Last year an old friend from primary school and secondary school contacted me to create a personal half sleeve tattoo design. He'd been supporting me online for years and wanted me to put together all of his ideas. I was so honoured that he'd want my creation on his body for life ... what's an intense thought! He had an existing tattoo on his arm honouring a friend so I had to incorporate that into the design along with a family motto and a compass. In order to tie everything together I used a background texture he mentioned he liked and included two of his favourite quotes. In the center, also tying all of the personal elements together, is a map of the Netherlands and two sets of numbers. The clients ancestry is partially from that part of the world and the numbers have personal relevance as well. We discussed the project on and off for over a year and after two basic sketches this final design was created using black pen and pencil. I am thrilled with the results and so is my friend! I cannot wait to see what it looks like on his skin! :)
May 10th, 2016
Everything happens for a reason ...
Though I'm definitely feeling better than I was last summer I knew I wouldn't have the energy needed for my usual Outdoor Exhibition schedule. That plus an abundance of commissions and a September wedding to plan meant it absolutely would not happen this summer. I was a bit bummed. It's a ton of work doing outdoor shows but it's so nice to hear people speak about my work in person. Submission deadline after submission deadline passed. I would briefly consider
them and eventually realize, nope, not gonna happen.
But it was all meant to be! Over the past week I've been contacted by multiple different venues offering me FREE Solo Shows in their establishments. So on top of my 2nd Solo Gallery Exhibition (Gallery 50 - November 2016) and my 3rd Solo Gallery Exhibition (Ben Navaee Gallery - March 2017), my ENTIRE SUMMER is booked with two Solo Shows; one at The Kingston Social (ALL OF JUNE) and the other at Living City Health (ALL OF JULY & AUGUST)! I am so excited to fill these awesome venues with my artwork!
Here's the dates to mark down in your calendars ...
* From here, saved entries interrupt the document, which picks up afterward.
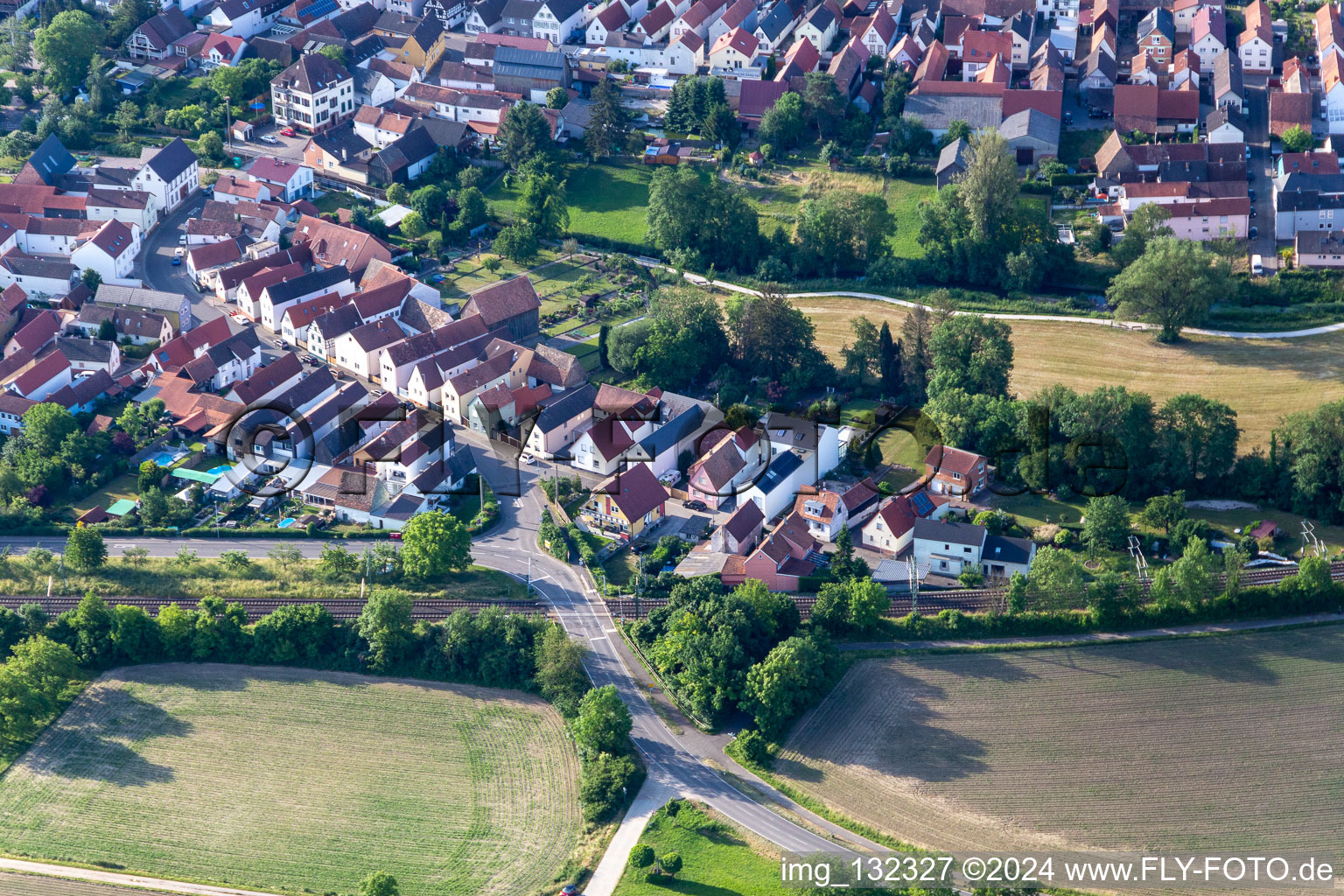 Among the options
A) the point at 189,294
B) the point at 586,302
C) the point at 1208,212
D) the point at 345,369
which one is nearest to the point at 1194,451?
the point at 1208,212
1) Solo Exhibition @ The Kingston Social
June 1st - 27th 2016
OPENING Reception - Most Likely Friday June 3rd 2016
2) Solo Exhibition @ Living City Health
July 1st - August 26th 2016
OPENING Reception - July 7th 2016
3) SOLO Gallery Exhibition @ Gallery 50
November 16th - 20th 2016
OPENING Reception - Saturday November 19th 2016
4) SOLO Gallery Exhibition @ Ben Navaee Gallery
March 17th - 23rd 2017
OPENING Reception - Saturday March 18th 2017
May 9th, 2016
Super Wonder Gallery
Portrait & Figurative Show
April 28th to May 2nd 2016
Opening Reception April 29th 2016
I absolutely LOVE the REversion exhibitions at Super Wonder Gallery curated by the very talented Daniel Anaka. The large gallery is a great venue for such an incredible collection of talented portrait and figurative artists. This was my second time taking part and I could not wait to see the inevitable collection of fabulous artworks in person. The Friday night Opening Reception was such a blast and the work was so impressive, just spectacular! To top off an amazing exhibition, on the last day my "Golden Indian Bride" sold. Though I have to wait five weeks for the payment to come in I am over-the-moon thrilled to have sold my most expensive piece yet. This piece was truly one my all-time favourite paintings I've created to date so I am ecstatic that someone would love her as much as I do. I cannot wait to take part in another exhibition at the Super Wonder Gallery.